* What you should do *
Below are the records. Reproduce the line that contains "Photo of Bathroom in Quinlan" and every line after it to the end, exactly and alone.
** Opening Source records block **
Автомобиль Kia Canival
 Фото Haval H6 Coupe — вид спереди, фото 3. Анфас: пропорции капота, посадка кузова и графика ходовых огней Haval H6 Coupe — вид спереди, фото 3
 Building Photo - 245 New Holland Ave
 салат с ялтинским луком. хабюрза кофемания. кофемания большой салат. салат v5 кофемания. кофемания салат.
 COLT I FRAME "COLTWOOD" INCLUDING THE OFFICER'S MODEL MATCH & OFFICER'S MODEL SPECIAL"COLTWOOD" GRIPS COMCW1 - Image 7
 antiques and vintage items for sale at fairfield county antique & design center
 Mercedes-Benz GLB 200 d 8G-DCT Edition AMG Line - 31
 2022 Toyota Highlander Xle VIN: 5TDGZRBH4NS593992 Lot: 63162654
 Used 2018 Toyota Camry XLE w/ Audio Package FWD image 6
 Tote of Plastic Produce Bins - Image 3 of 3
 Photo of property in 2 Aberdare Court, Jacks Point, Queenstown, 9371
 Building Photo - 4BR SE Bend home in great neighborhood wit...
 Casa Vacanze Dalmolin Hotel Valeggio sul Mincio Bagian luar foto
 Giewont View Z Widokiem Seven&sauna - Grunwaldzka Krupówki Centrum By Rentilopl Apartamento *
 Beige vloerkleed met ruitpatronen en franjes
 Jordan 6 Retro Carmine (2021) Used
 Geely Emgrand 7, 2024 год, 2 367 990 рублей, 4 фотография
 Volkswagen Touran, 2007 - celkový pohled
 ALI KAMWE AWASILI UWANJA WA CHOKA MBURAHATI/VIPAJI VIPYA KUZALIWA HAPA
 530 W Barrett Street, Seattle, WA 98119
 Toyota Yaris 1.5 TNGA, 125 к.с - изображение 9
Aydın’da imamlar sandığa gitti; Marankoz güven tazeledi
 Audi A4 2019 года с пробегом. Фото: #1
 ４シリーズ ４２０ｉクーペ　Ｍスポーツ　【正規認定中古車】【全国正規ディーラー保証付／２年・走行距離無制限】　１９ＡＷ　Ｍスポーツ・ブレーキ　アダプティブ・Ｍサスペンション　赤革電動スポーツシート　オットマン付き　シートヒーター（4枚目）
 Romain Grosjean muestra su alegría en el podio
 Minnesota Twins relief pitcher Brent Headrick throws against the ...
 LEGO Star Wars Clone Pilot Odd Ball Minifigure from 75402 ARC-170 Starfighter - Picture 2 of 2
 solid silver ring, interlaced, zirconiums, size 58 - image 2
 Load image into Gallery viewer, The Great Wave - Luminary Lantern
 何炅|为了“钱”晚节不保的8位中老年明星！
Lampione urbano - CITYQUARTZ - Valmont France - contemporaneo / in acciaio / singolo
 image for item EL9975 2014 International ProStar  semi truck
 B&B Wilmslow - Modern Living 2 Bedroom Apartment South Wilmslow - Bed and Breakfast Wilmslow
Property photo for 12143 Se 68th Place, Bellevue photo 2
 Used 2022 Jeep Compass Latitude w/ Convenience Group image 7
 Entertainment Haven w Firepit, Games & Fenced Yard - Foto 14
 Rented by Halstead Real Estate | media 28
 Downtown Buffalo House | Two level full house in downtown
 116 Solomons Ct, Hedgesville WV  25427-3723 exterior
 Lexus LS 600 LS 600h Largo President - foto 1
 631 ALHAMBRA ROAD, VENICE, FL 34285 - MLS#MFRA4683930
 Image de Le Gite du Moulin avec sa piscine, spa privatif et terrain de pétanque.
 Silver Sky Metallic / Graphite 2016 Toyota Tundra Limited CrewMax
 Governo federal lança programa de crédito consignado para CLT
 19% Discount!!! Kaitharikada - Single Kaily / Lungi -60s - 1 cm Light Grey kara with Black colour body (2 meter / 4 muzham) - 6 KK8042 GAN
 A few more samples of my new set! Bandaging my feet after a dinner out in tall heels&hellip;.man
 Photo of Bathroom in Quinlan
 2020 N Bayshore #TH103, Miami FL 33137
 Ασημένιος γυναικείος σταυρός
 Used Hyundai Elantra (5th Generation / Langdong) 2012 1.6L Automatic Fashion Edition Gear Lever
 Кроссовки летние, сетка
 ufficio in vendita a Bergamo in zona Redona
** Closing Source records block **
* Problem solution *
 Photo of Bathroom in Quinlan
 2020 N Bayshore #TH103, Miami FL 33137
 Ασημένιος γυναικείος σταυρός
 Used Hyundai Elantra (5th Generation / Langdong) 2012 1.6L Automatic Fashion Edition Gear Lever
 Кроссовки летние, сетка
 ufficio in vendita a Bergamo in zona Redona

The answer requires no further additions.